We depend on big farms for our food. For crops, that means a lot of fertilizer; for animals, that means a lot of waste. For the lakes near these farms, that means a lot of phosphorus.
Phosphorus washes into lakes with manure and fertilizer and the erosion of phosphorus-rich, fertilized soil. Cyanobacteria feast on that glut of nutrients and their populations explode, with dramatic consequences for the aquatic life in the lake and the people who depend on it. The toxic bloom of cyanobacteria that made Toledo’s water undrinkable in the summer of 2014 is just one example of what can happen when the biochemistry of a lake drifts out of balance.
Steve Carpenter, a professor at the University of Wisconsin-Madison and the director of its Center for Limnology, describes phosphorus management as the “keystone” issue for healthy lakes. “If we can get phosphorus under control,” he said, “we have a much better shot at dealing with all of the other problems that the lakes have,” like invasive species, which can swoop in when a lake’s nutrient levels are unbalanced.
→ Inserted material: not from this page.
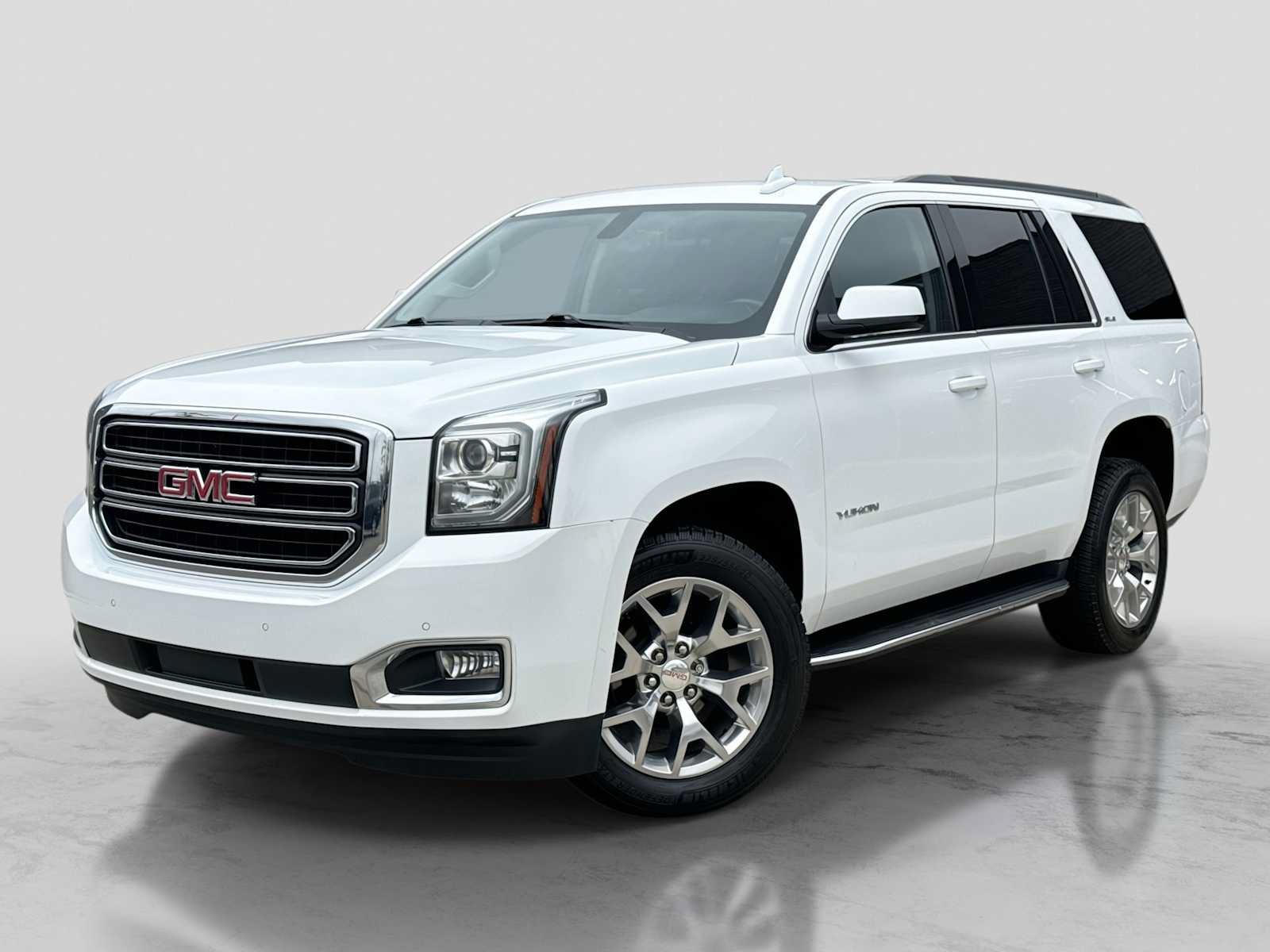 Used 2020 GMC Yukon SLE w/ SLE Value Package AWD/4WD image 1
There are ways to slow the gush of phosphorus into nearby lakes, such as contour plowing and winter cover crops, but Carpenter explains that the phosphorus load has gotten so high that those kinds of strategies “almost don’t matter anymore.” Instead, we have to remove phosphorus from the system entirely.
This summer Madison, Wisconsin, unveiled its new phosphorus recycling facility, the state’s first. It’s part of a strategy by the city’s wastewater-treatment utility to reduce the amount of phosphorus that ends up in the lakes. The recycling program takes most of the phosphorus out of the agricultural fertilizer that the plant produces and puts it in a lake-friendly fertilizer designed to be used on urban lawns and gardens.
Steve Reusser, an operations engineer who helped develop the phosphorus harvesting process, explains that it relies on a careful combination of engineering and biology. Certain species of bacteria, which, like plants, also need phosphorus to survive, either absorb or release phosphorus depending on whether there is oxygen present or not. Wastewater is full of phosphorus from human waste. At the treatment facility, it’s stocked with what Reusser characterizes as “a zoo of different kinds of bacteria.” As it wends its way through the facility’s tanks and filters, the oxygen concentration and filtration systems are manipulated in concert to yield two separate products: a sludgy solid that contains a lot of bacteria and not much phosphorus, and water that is phosphorus rich.